Entries taken from a collection
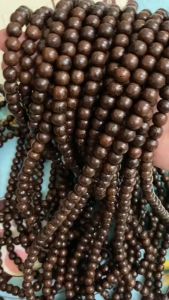 tràng hạt 108 cỡ hạt 6mm gỗ vân mun đuôi côngvòng mân tự nhiênvòng phong thủy đeo tay hay đeo cổ đều được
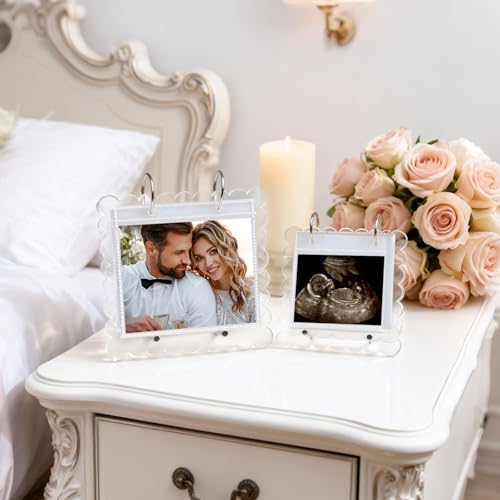 Close up of Mlatnod small pregnancy keepsake album detailing the clear protective photo sleeves
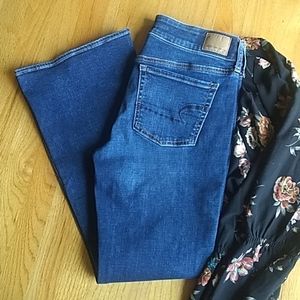 AMERICAN EAGLE Artist Flare Jeans 10 Short
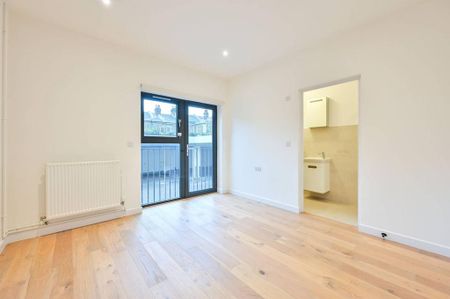 4 bedroom terraced house to rent - Photo 4
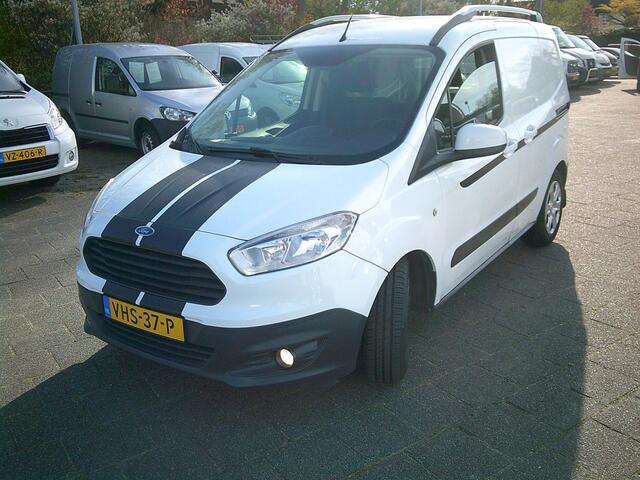 Ford TRANSIT COURIER 1.5 TDCI Trend Start&Stop VOORZIEN VAN AIRCO+TREKHAAK !! EURO 6 !!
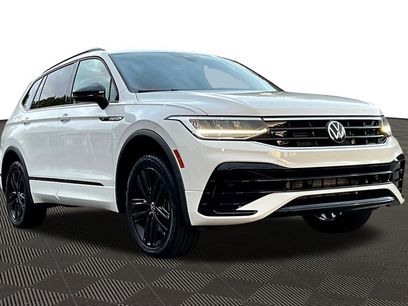 Used 2022 Volkswagen Tiguan SE R-Line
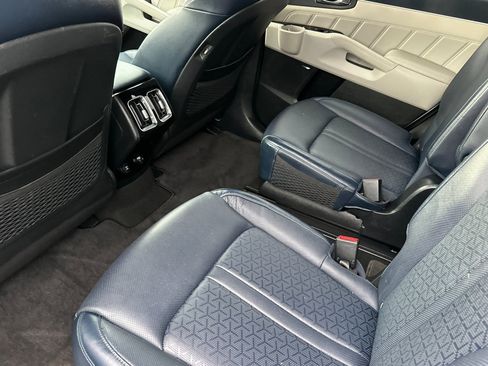 Used 2022 Kia Sorento SX Prestige image 12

### PROBLEM STATEMENT
Quote the data exactly, leaving every image out of the copy.

### SOLUTION
 tràng hạt 108 cỡ hạt 6mm gỗ vân mun đuôi côngvòng mân tự nhiênvòng phong thủy đeo tay hay đeo cổ đều được
 Close up of Mlatnod small pregnancy keepsake album detailing the clear protective photo sleeves
 AMERICAN EAGLE Artist Flare Jeans 10 Short
 4 bedroom terraced house to rent - Photo 4
 Ford TRANSIT COURIER 1.5 TDCI Trend Start&Stop VOORZIEN VAN AIRCO+TREKHAAK !! EURO 6 !!
 Used 2022 Volkswagen Tiguan SE R-Line
 Used 2022 Kia Sorento SX Prestige image 12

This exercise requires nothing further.